It was a moment that brought me to tears. Watching Tiffany Haddish give a tribute to her Eritrean heritage and observing joys emanating from a person who witnessed her fair share of tribulation was a testimony of her resilience and a ray of hope for all of us. There is depth to Tiffany that is found once you travel beyond her humor and understand her life narrative. The funniest comedians are usually the ones who have experienced the most turbulence.
All art that moves us is because there is a stroke of pain in the paint strokes that reminds us of ourselves. I was touched by Tiffany’s joy and her journey to rediscover a home she never knew because I too know the ennui of being disconnected from a place I only remember through traces of memory and flashes of remembrances. Watching the video of Tiffany visiting Eritrea is a beautiful reminder that we can all go home again even if we are visiting for the first time.
Tiffany’s journey back to her roots was one fraught with emotional hurdles. Her connection to Eritrea ran through the genes of a father she only met as an adult. Here is one thing I am certain of, the source of all art is woe. Like most laugh out loud comedians, Tiffany was struck by tragedy on countless occasions throughout her life. At the age of three, she lost her connection to her father Tsihaye Haddish when he left his wife and children to pursue a divergent path.

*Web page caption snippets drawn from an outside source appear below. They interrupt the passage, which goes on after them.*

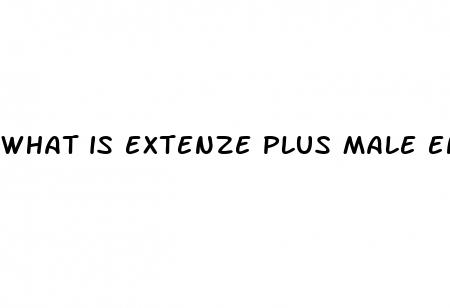 what is extenze plus male enhancement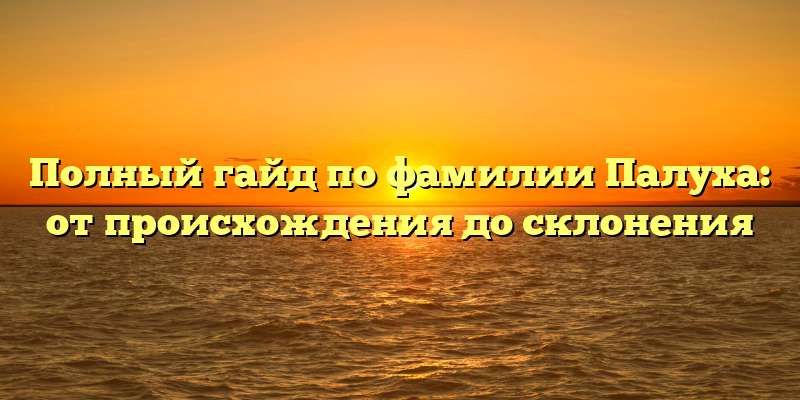 Полный гайд по фамилии Палуха: от происхождения до склонения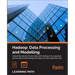 Hadoop: Data Processing and Modelling: Data Processing and Modelling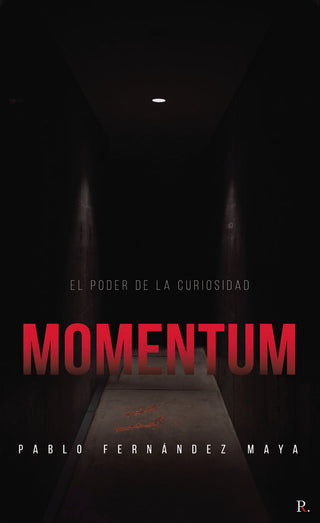 Momentum: El Poder De La Curiosidad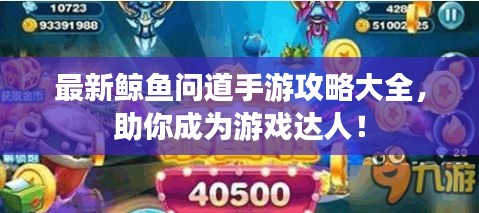 最新鲸鱼问道手游攻略大全，助你成为游戏达人！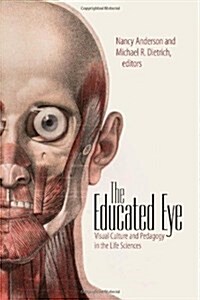 The Educated Eye: Visual Culture and Pedagogy in the Life Sciences (Paperback)
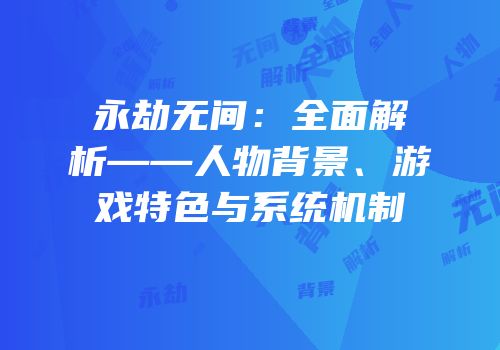 永劫无间：全面解析——人物背景、游戏特色与系统机制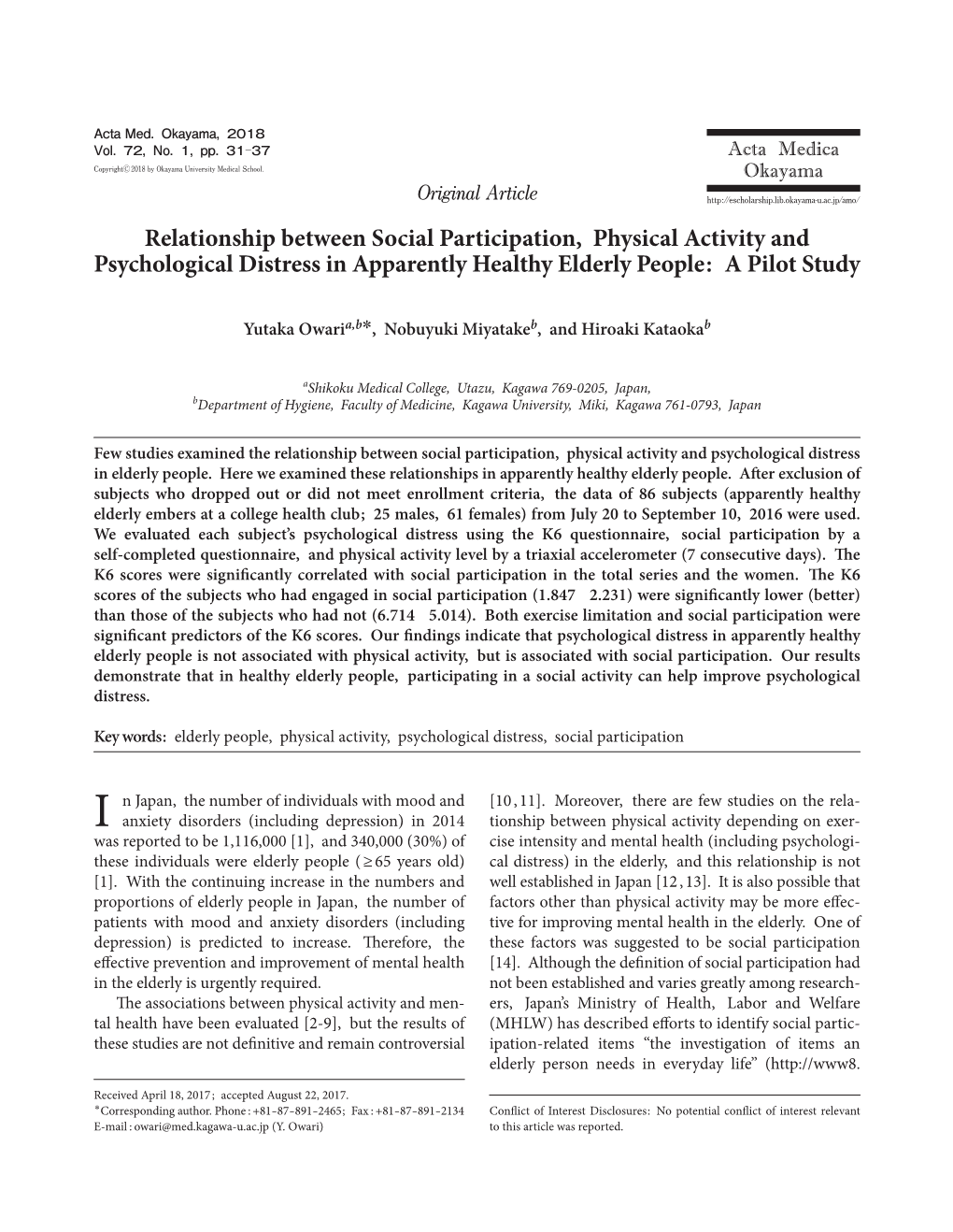 Relationship Between Social Participation, Physical Activity and Psychological Distress in Apparently Healthy Elderly People: a Pilot Study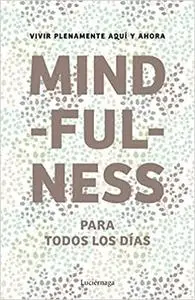 Mindfulness para todos los días: vivir plenamente aquí y ahora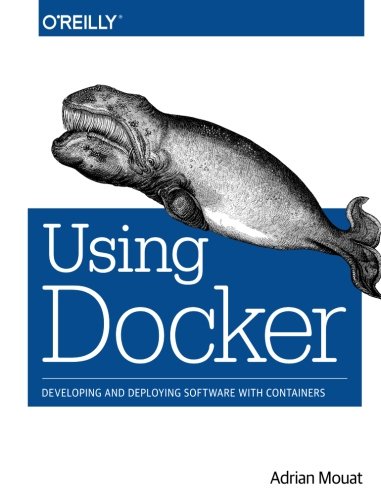 Using Docker: Developing and Deploying Software with Containers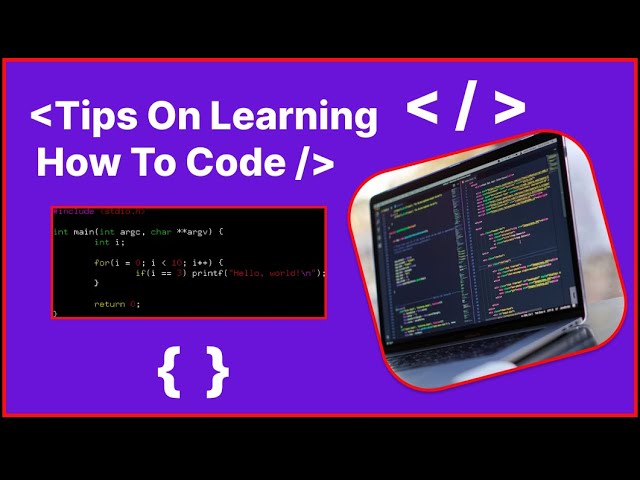 Tips On Learning How To Code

This initial void opened the door for a bigger adversity that would later come knocking. At the age of nine, a catastrophe befell Tiffany’s family as an act of cruelty injured her mother Leola and left her and her siblings without a caretaker. As if her father’s absence was not difficult enough, a malicious crime incapacitated her mother. Tiffany became a provider to her siblings at an age most children are playing with dolls and chasing youthful mirth.
Shortly after her mother suffered a devastating brain injury in a car accident, Tiffany and her siblings were put into the foster care system. In calamities that break many, Tiffany found levity and the ability to make others laugh. There are choices we make during moments of distress that define the rest of our lives—either revert to pain or invert the pain. Tiffany chose to invert the pain and make people smile where life was steady giving her reasons to be bitter. Alas, behind the bubbly personality and the joyful demeanor, Tiffany was burdened with the absence of a father she never met again after he left her side when she was three years old.
Where circumstances hand us mourning, it takes the intervention of others to turn distress into blessings. When Tiffany discovered love in William Stewart, he promised that he would reconnect her with her estranged father. William delivered on his promise; in what Tiffany described as her fondest moment in life, Tsihaye Haddish walked her down the aisle and danced with the daughter he had not known since she was a toddler. A lifetime of emptiness was all the sudden made full by the embrace of a father Tiffany always wanted.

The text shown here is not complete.